S6K1+/+ and S6K1−/− mice were generously provided by G. Thomas and S. Kozma (50). C57/Bl6 mice were obtained from Jackson Laboratories. Lineage negative, Sca1+, cKit+ (LSK) hematopoietic cells from S6K1+/+ or S6K1−/− mice were isolated using a FACSAria cell sorter. LSK cells were then transduced with BCR-ABL-GFP retrovirus. Recipient C57/Bl6 mice were lethally irradiated and 10,000 GFP+ LSK cells supplemented with 300,000 whole bone marrow cells were injected via the tail vein. Survival of recipient mice that exhibited symptoms of a lethal myeloproliferative disease was measured from the day of bone marrow transplant and the log rank test was used to determine significance.

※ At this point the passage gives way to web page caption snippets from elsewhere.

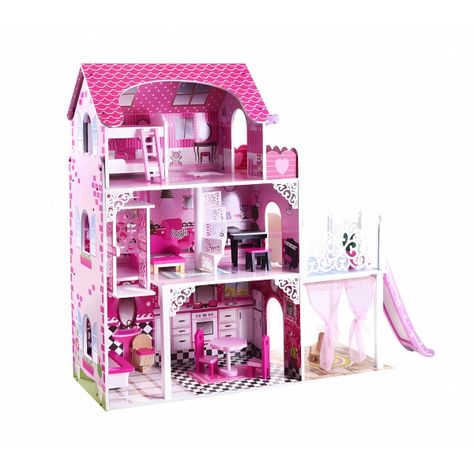 Casa Muñeca De Madera 3 Pisos Con Resbalin-1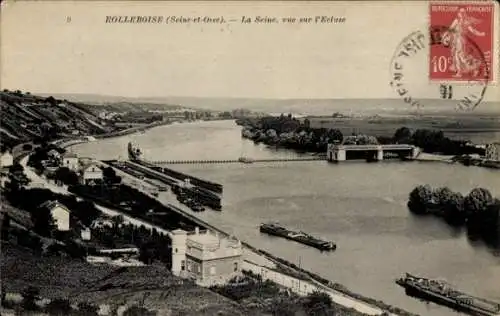 Ak Rolleboise Yvelines, Seine, Vue sur l'Ecluse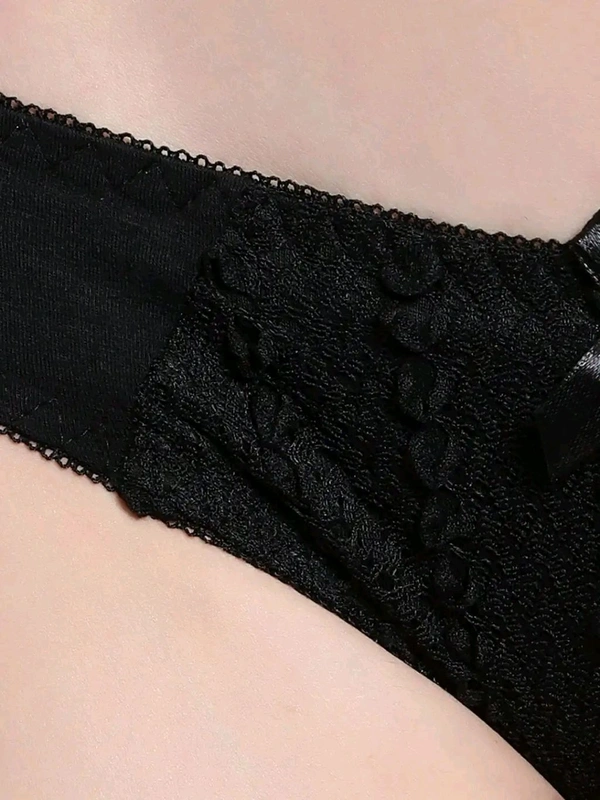 Womens Elegant Floral Print Padded Underwired Bra and Panty Set - 36B, Black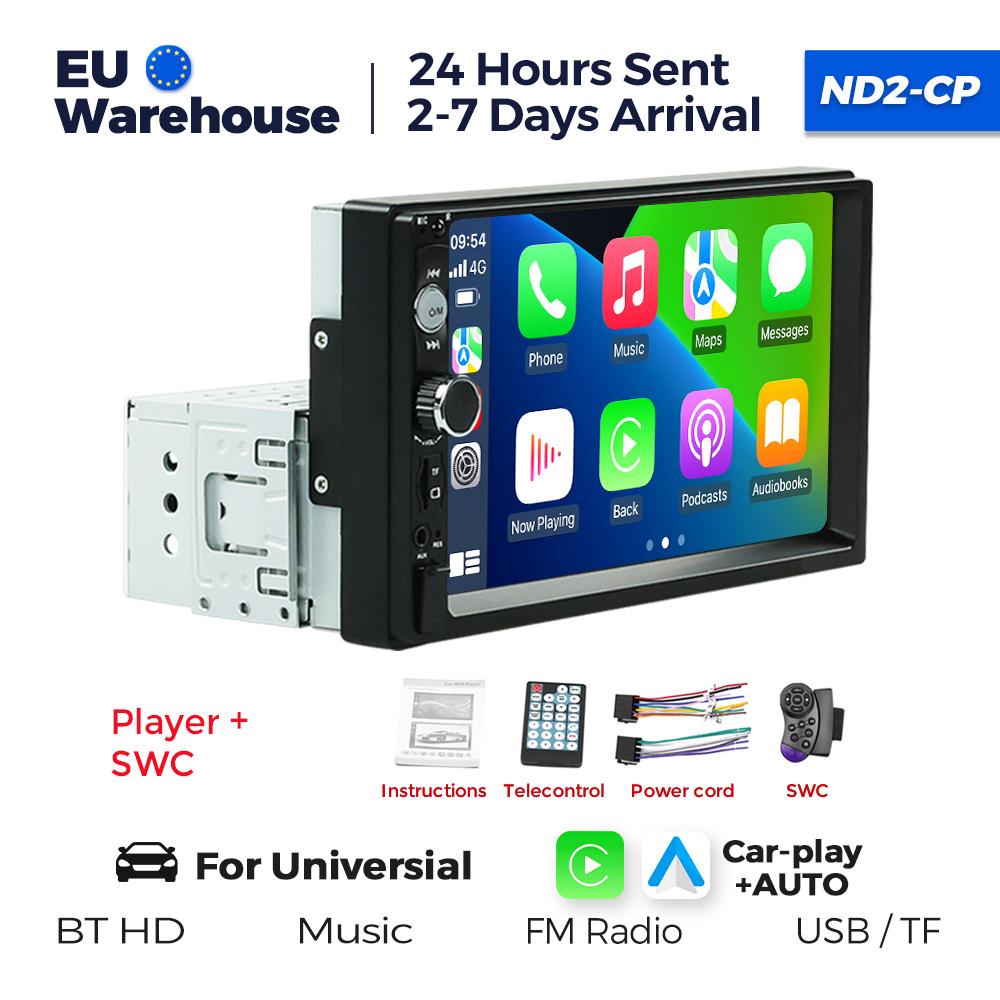 ND2 Universal 1Din Car Radio Stereo 7inch HD Touch Screen Multimedia Player BT Autoaudio FM Receiver Mirror Link Monitor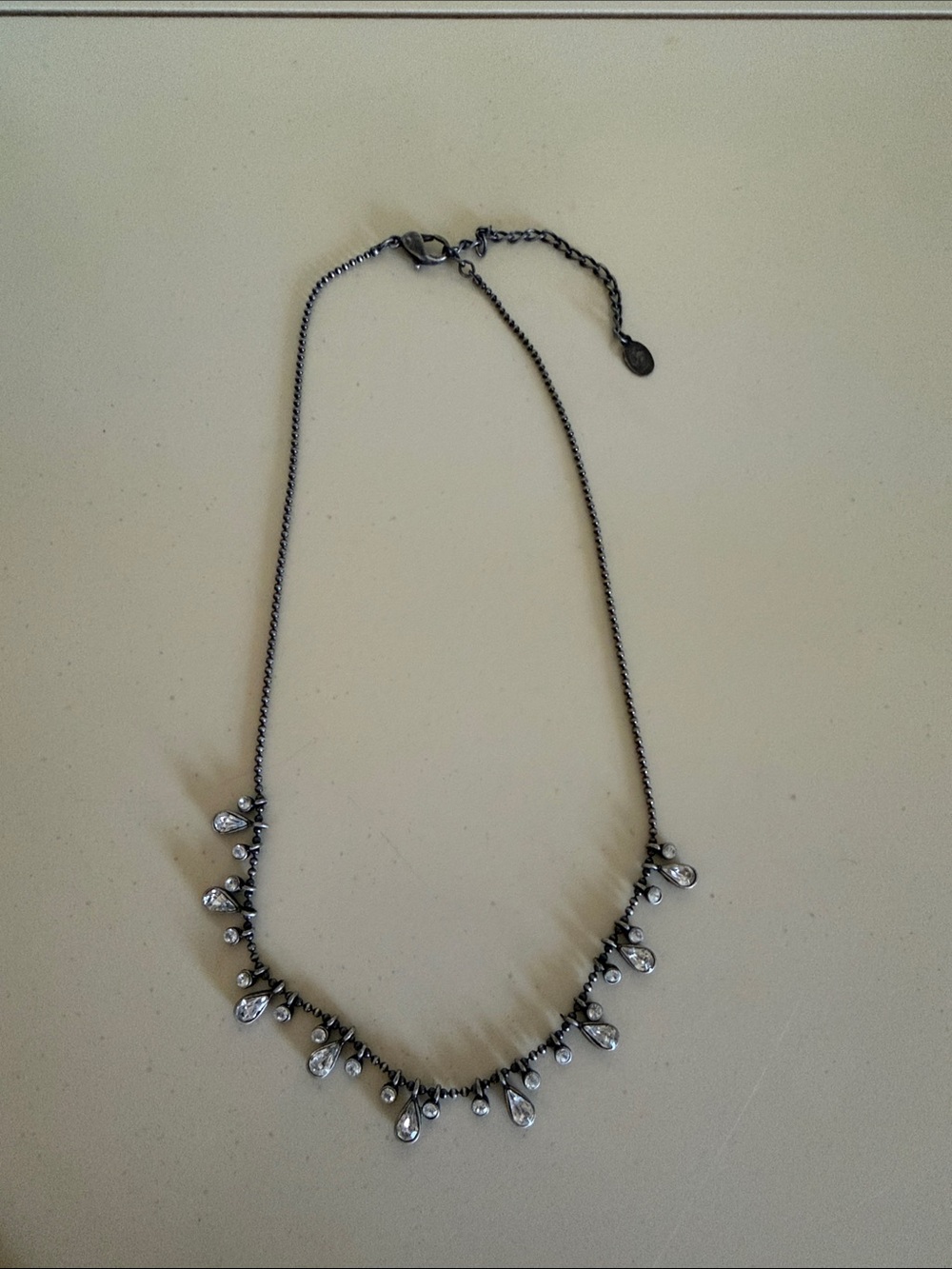 Delicate Gunmetal Teardrop Crystal Necklace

Statistical analysis using the log-rank test was performed in GraphPad Prism software. Error bars were calculated using standard deviation in Excel, except for qRT-PCR results, where standard error was employed. Figures were prepared using Adobe Photoshop, Adobe Illustrator, GraphPad Prism and Microsoft Excel, using Crop, Levels, Contrast, and Brightness controls applied to whole images.
We thank Drs. George Thomas and Sara Kozma for advice and access to S6K1-knockout mice. We thank Dr. Shane Horman, Jim Phelan and Meghan Brundage for help with CML models in mice, and Drs. Czyzyk-Krzeska and Godar for critique of the manuscript. J.F.B. was supported by an IGERT fellowship #0333377. This work was supported by NIH grant CA133164, the American Cancer Society RSG-08-293-01-CCG and the University of Cincinnati’s Millennium Scholars program.
Conflict of Interest: Other than the support of outside funding agencies, the authors declare no conflicts of interest.